Termination of the algorithm is immediate, while its correctness can be obtained by simply combining the semantic test given at the end Section 6 with Lemmata 2, 3, and 4. □

As for the running time, we observe that, due to the discussion after Lemma 5, we can concentrate only on pwfs $W$ whose range contains only constants and variables whose names lengths are of polynomial size with respect to the input OBDM system Σ, and therefore the overall $W$ is of polynomial size with respect to Σ since the number of constants in D is polynomial. Furthermore, we can check in polynomial time whether $W$ is a pwf of $(M (D), \vec{a})$ on $(C_{O}^{M (D^{'})}, \vec{b^{'}})$ , i.e., whether all the terms in the range of $W$ occur in $dom (C_{O}^{M (D^{'})})$ as follows. For each term t in the range of $W$ , we compute $p_{t} (D^{'})$ , where $p_{t}$ is the guessed application of $M$ on $D^{'}$ for the term t (of course, we first need to check whether $h_{m}$ is a homomorphism from the atoms on the left-hand side of m to $D^{'}$ ).
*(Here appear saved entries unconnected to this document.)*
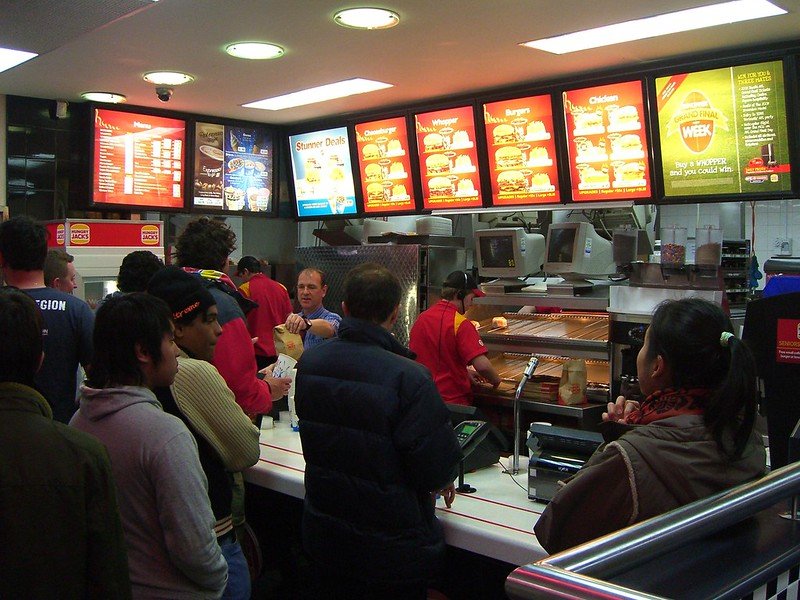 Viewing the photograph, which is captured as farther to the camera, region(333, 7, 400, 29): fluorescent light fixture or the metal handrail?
region(333, 7, 400, 29): fluorescent light fixture

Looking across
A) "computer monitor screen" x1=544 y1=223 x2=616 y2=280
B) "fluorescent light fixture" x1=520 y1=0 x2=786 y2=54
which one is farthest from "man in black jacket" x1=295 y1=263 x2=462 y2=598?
"computer monitor screen" x1=544 y1=223 x2=616 y2=280

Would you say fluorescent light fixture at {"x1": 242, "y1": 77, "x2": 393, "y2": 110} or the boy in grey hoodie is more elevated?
fluorescent light fixture at {"x1": 242, "y1": 77, "x2": 393, "y2": 110}

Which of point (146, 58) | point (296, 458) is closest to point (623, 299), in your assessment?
point (296, 458)

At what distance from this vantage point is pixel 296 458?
335 centimetres

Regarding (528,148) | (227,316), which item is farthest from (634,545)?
(528,148)

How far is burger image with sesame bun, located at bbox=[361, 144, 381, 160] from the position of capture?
632cm

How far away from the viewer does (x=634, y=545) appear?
1200 mm

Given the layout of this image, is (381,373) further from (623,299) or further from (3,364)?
(623,299)

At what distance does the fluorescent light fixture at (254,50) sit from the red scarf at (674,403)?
3.53m

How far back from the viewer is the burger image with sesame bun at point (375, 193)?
634 cm

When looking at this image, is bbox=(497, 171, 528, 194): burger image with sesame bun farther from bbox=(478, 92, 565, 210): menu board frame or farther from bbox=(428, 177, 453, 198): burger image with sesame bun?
bbox=(428, 177, 453, 198): burger image with sesame bun

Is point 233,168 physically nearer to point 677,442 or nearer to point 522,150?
point 522,150

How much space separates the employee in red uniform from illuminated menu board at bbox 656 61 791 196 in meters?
1.53

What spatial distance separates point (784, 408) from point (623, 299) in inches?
73.2
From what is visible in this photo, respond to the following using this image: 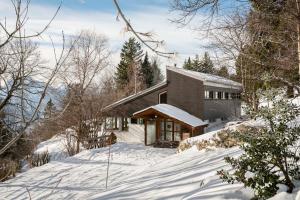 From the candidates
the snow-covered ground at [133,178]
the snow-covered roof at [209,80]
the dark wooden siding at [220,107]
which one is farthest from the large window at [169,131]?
the snow-covered roof at [209,80]

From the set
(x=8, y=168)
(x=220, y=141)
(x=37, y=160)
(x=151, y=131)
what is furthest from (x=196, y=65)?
(x=8, y=168)

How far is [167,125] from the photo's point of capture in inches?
1043

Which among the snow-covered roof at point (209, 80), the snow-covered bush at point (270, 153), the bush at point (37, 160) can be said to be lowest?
the bush at point (37, 160)

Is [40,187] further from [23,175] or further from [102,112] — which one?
[102,112]

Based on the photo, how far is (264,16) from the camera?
891 centimetres

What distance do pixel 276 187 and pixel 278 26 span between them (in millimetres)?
9231

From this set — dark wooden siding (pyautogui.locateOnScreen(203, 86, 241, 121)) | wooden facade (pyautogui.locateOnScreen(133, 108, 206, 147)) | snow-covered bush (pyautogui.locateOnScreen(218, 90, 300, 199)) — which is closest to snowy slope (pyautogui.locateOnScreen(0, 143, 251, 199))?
snow-covered bush (pyautogui.locateOnScreen(218, 90, 300, 199))

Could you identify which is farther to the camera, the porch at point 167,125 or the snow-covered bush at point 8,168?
the porch at point 167,125

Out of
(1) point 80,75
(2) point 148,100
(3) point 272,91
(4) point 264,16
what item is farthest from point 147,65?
(3) point 272,91

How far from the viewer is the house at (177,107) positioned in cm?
2605

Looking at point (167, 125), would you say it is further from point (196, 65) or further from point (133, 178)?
point (196, 65)

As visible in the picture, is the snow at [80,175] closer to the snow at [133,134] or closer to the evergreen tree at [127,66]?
the snow at [133,134]

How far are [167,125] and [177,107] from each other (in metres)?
3.20

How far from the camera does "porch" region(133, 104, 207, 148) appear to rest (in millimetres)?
25422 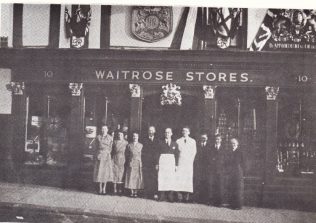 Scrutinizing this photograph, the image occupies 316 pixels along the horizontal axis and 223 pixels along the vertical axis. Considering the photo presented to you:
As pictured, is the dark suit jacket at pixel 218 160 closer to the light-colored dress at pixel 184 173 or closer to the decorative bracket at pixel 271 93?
the light-colored dress at pixel 184 173

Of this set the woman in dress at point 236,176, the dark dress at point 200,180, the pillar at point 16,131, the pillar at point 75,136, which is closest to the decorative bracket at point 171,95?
the dark dress at point 200,180

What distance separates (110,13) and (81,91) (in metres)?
0.90

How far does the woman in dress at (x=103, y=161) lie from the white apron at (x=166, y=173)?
0.53 meters

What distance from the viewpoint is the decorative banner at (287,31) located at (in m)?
3.69

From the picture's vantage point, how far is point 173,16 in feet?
12.6

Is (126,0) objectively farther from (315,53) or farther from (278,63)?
(315,53)

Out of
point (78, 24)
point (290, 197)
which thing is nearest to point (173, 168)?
point (290, 197)

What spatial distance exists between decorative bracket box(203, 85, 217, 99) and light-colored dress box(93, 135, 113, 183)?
3.68 ft

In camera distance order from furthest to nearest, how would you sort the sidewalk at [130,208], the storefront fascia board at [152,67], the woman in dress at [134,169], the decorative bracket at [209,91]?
the decorative bracket at [209,91] < the storefront fascia board at [152,67] < the woman in dress at [134,169] < the sidewalk at [130,208]

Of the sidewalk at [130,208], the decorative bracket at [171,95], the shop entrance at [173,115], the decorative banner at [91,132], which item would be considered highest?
the decorative bracket at [171,95]

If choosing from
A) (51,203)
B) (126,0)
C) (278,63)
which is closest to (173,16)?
(126,0)

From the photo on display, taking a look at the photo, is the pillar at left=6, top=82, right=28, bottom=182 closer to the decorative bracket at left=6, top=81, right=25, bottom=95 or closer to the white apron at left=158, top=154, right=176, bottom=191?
the decorative bracket at left=6, top=81, right=25, bottom=95

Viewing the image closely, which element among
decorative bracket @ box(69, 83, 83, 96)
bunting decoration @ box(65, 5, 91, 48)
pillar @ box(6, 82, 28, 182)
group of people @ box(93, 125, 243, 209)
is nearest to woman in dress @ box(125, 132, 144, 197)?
group of people @ box(93, 125, 243, 209)

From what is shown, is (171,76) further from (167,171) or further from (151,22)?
(167,171) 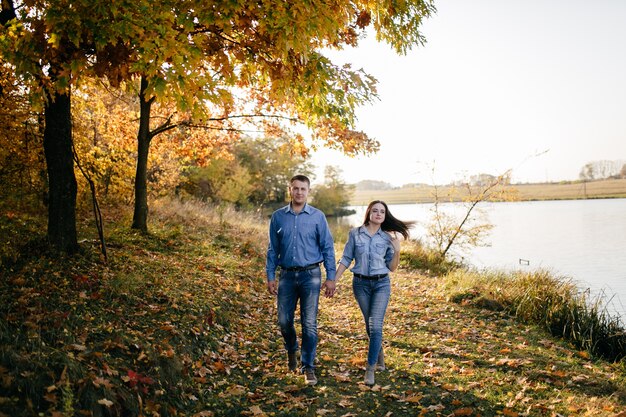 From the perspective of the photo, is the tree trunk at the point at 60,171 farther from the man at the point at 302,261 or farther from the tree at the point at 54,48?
the man at the point at 302,261

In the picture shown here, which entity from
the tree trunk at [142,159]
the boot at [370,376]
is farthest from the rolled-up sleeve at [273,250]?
the tree trunk at [142,159]

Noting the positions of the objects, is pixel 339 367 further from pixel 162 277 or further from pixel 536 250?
pixel 536 250

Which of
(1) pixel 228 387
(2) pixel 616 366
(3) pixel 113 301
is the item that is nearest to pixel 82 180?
(3) pixel 113 301

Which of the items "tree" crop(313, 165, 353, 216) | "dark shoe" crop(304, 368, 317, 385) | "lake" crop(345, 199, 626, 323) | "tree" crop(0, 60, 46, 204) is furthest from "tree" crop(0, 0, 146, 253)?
"tree" crop(313, 165, 353, 216)

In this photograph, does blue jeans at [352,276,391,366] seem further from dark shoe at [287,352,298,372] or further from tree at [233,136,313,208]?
tree at [233,136,313,208]

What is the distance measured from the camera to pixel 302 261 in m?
5.12

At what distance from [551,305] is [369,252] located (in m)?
5.70

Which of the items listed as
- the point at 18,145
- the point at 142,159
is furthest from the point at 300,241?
the point at 18,145

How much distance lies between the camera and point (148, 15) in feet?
16.3

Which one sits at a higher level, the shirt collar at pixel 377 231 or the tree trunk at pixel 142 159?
the tree trunk at pixel 142 159

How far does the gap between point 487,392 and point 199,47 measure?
5661 millimetres

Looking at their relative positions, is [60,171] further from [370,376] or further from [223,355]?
[370,376]

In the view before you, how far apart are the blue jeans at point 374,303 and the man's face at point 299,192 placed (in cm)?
118

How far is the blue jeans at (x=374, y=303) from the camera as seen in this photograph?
5195 mm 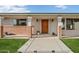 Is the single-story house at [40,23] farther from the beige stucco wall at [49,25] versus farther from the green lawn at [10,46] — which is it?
the green lawn at [10,46]

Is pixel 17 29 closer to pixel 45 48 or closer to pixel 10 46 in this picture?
pixel 10 46

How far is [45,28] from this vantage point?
3027 centimetres

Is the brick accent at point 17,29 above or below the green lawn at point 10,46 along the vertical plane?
above

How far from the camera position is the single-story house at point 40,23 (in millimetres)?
27094

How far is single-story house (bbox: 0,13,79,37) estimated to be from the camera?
2709cm

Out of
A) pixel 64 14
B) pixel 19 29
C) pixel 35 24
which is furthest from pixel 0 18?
pixel 64 14

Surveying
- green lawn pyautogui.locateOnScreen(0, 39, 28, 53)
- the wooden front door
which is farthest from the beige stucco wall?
green lawn pyautogui.locateOnScreen(0, 39, 28, 53)

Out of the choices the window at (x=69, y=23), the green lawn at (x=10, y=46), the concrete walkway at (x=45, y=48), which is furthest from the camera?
the window at (x=69, y=23)

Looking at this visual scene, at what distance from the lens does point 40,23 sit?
3025 centimetres

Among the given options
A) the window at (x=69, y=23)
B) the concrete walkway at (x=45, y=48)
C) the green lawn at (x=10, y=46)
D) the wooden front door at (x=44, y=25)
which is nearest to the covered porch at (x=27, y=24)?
the wooden front door at (x=44, y=25)

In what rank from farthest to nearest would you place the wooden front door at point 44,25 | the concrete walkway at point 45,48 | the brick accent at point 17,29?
the wooden front door at point 44,25 → the brick accent at point 17,29 → the concrete walkway at point 45,48

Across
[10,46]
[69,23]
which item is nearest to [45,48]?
[10,46] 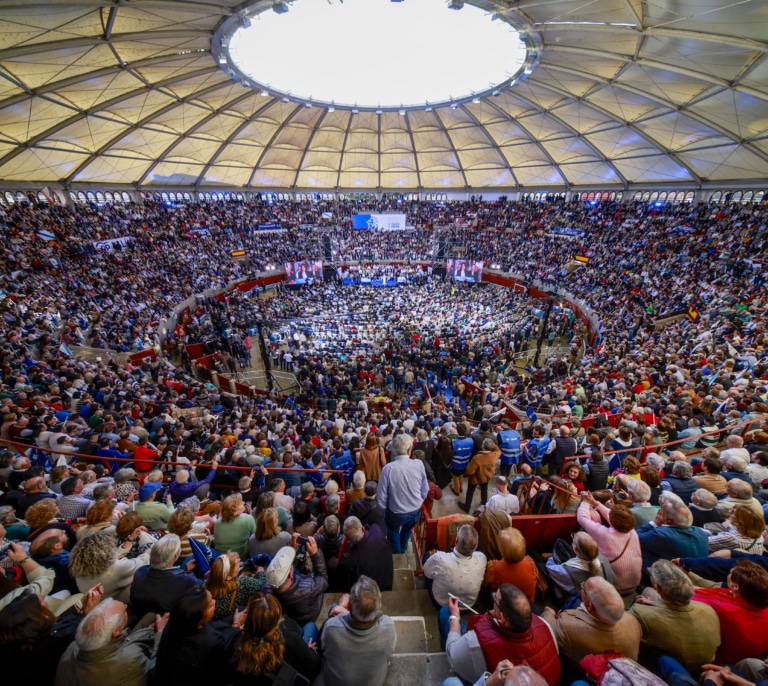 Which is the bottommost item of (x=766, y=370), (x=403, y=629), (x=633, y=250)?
(x=403, y=629)

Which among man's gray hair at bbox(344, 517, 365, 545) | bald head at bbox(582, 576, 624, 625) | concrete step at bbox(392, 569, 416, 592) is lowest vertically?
concrete step at bbox(392, 569, 416, 592)

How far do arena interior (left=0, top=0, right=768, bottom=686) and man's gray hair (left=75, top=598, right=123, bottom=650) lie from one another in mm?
20

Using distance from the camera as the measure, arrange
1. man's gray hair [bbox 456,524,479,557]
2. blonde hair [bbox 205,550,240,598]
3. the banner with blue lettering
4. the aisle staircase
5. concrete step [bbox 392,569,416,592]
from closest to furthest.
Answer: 1. blonde hair [bbox 205,550,240,598]
2. the aisle staircase
3. man's gray hair [bbox 456,524,479,557]
4. concrete step [bbox 392,569,416,592]
5. the banner with blue lettering

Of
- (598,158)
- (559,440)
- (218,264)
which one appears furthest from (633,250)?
(218,264)

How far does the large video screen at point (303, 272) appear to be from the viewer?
132 feet

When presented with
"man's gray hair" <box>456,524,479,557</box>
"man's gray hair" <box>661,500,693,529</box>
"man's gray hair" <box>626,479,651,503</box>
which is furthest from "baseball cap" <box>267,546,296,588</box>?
"man's gray hair" <box>626,479,651,503</box>

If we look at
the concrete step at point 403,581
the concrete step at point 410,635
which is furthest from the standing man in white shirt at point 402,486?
the concrete step at point 410,635

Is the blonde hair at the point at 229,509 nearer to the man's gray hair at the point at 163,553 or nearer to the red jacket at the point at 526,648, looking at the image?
the man's gray hair at the point at 163,553

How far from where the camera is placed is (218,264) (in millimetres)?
36438

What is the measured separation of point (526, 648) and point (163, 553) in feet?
9.50

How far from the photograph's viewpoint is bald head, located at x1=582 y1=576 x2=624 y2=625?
8.29 feet

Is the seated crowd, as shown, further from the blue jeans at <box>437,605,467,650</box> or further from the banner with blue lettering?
the banner with blue lettering

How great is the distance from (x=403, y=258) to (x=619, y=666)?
4630cm

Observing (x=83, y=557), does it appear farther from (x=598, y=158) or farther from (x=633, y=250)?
(x=598, y=158) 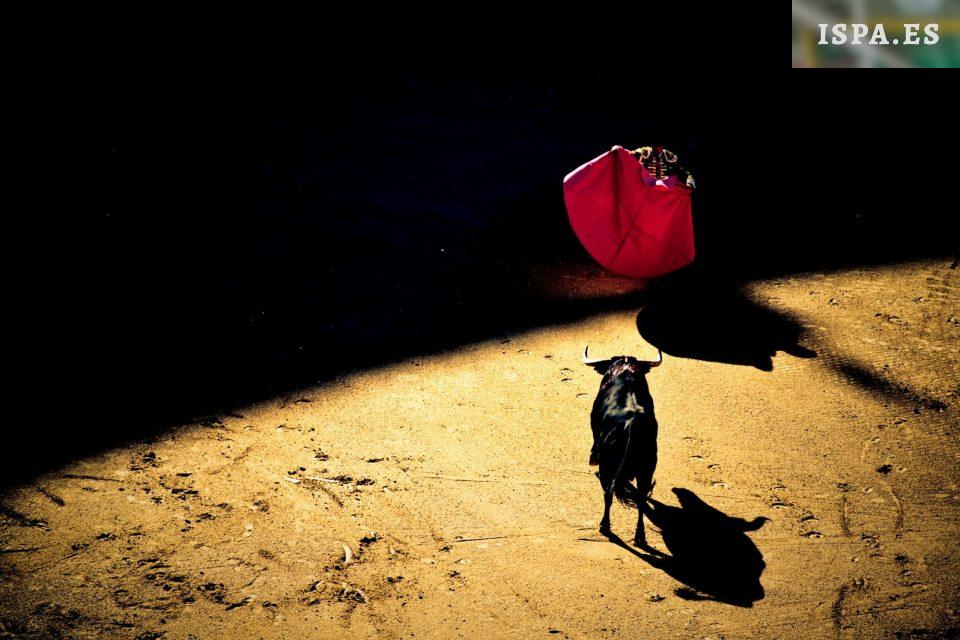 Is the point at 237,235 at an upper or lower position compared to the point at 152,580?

Starting from the set $p_{t} (D^{'})$ of atoms, we then iteratively apply the guessed ontology assertions in the sequence $ρ_{t}$ for the term t one after the other, each time by applying the considered ontology assertion in a single chase step over all the atoms obtained so far. Finally, we check whether the term t occurs in the overall set of atoms obtained in this way.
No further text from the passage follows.